Miami has become the prison wife of the ACC, wearing garish homemade lipstick and holding onto their man's belt loop as they're dragged around the exercise yard.
Which would have been fine training for some 'Canes of the past.
1. Missouri: UP
Okay, who's the bigger set of rednecks—the hicks from the Ozarks or the hillbillies from the Appalachians?
We all crackas—say it loud and proud!
2. WVU: UP SHARPLY
Pat White vomits on his opponents!
After Saturday's blowout of UConn, White let on that he'd thrown up "about 12 times" during the game. It wasn't so bad, White told the media, because "it mostly happened when I was tackled."
Come to think of it, it seemed to me like no one was really trying to tackle White in the second half. Now we know why.
And this is the guy who complained about being spit on during the Louisville game.
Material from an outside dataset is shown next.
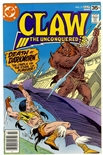Claw the Unconquered #11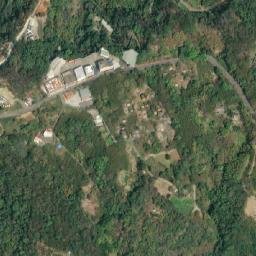Satellite imagery of 東興水庫水源保護區界 7, TW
On the other hand, years from now, UConn defenders, long out of the game and working for insurance companies in Hartford, can tell their grandchildren that Pat White threw up on them.
3. Ohio State: UP
With the memory of futilely trying to stop Illinois' spread-option offense still stinging their collective consciousness, the clay-footed, thick-ankled Buckeyes are silently pulling for Mizzou to beat Oklahoma.
4. Georgia: UP
A team with too many losses hanging around hoping someone in front of them will trip up.
Sort of like Al Gore.
Delisted from the Big Board
I raise a pint of Guinness in tribute to my friend Tracee, who was the Baby Jay when she was at Kansas.
Rock, chalk, Jaywalk yourselves right out of the championship chase.
I'm so sad that the Bayou Bengals are off the board, because I had so many other Les-Miles-is-so-crazy-that...jokes.
For instance, here was one I was going to use if LSU had held off Arkansas:
During the game, Miles was hearing voices in his head. Then he took his headset off and was still hearing them.
But instead of telling him to call Red Dog Right 68, these voices were giving Les directions to the Louisiana field where the Little Greens would set down their saucer and finally make themselves known to the Select Few.